For veterans that can be unnerving and even frustrating.
In the military there’s safety in discipline and structure. On the battlefield it can mean the difference between life and death.
Veteran numbers on the UW campus are growing. The university says this year there are 664. Statewide there are more than 32,000 veterans enrolled at community and technical colleges.
Thomas Jenkins is a student and the president of the Husky United Military Veterans. The organization exists to create community among vets. Their small, noisy office is deep in the basement of the Husky Union Building on campus.
When Jenkins briefs incoming veterans, he tries to prepare them for the differences between being in the military and being in college. “It gets a lot fuzzier as a college student,” he tells them. “And you need not necessarily like the fuzziness but accept that it’s a part of it. And there’s not very much you can do to separate that."
The change can make some vets feel isolated and this can exacerbate symptoms of post-traumatic stress and traumatic brain injury.

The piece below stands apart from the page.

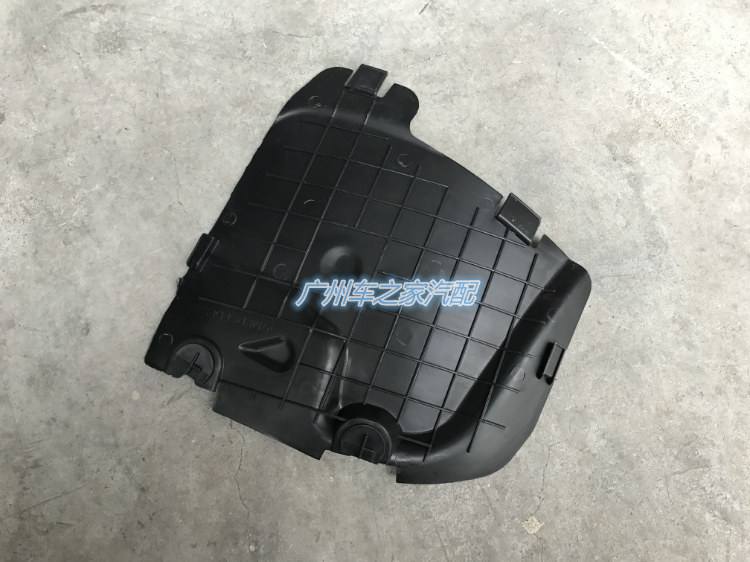 适用奔驰W205前轮C180L叶子板C200L内衬盖板C260L大灯后盖板C300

But Jenkins says many vets are unwilling to talk about it. He tells them, “If you aren’t comfortable reaching out, we sincerely hope somebody close to you does recognize a change and is willing to intervene because they want to help you out. And that’s the best way to help you out.”
Talkington says most of the time he doesn’t even tell anyone he’s a veteran. “Unless people really ask about it I don’t really say much, because I feel that people don’t understand and they won’t," he said. "So I mean, honestly, everyday it’s kind of awkward.”
Talkington is not ashamed. He’s humble. It’s a trait that many veterans share.
In fact, it wasn’t until after the interview that we learned he was awarded a Purple Heart. Talkington was severely injured by an explosive projectile while working as a gunner on a Humvee in 2007. He still carries some of the shrapnel in his back.
But he tries not to think about it. His mind is on school. “You know what you’ve done and you know the experiences you’ve had and the people you’ve been around,” he said. "But it’s also time to move on and take what you’ve learned and help society ultimately.”
Talkington is upbeat about his future. If all goes as planned he’ll graduate this time next year.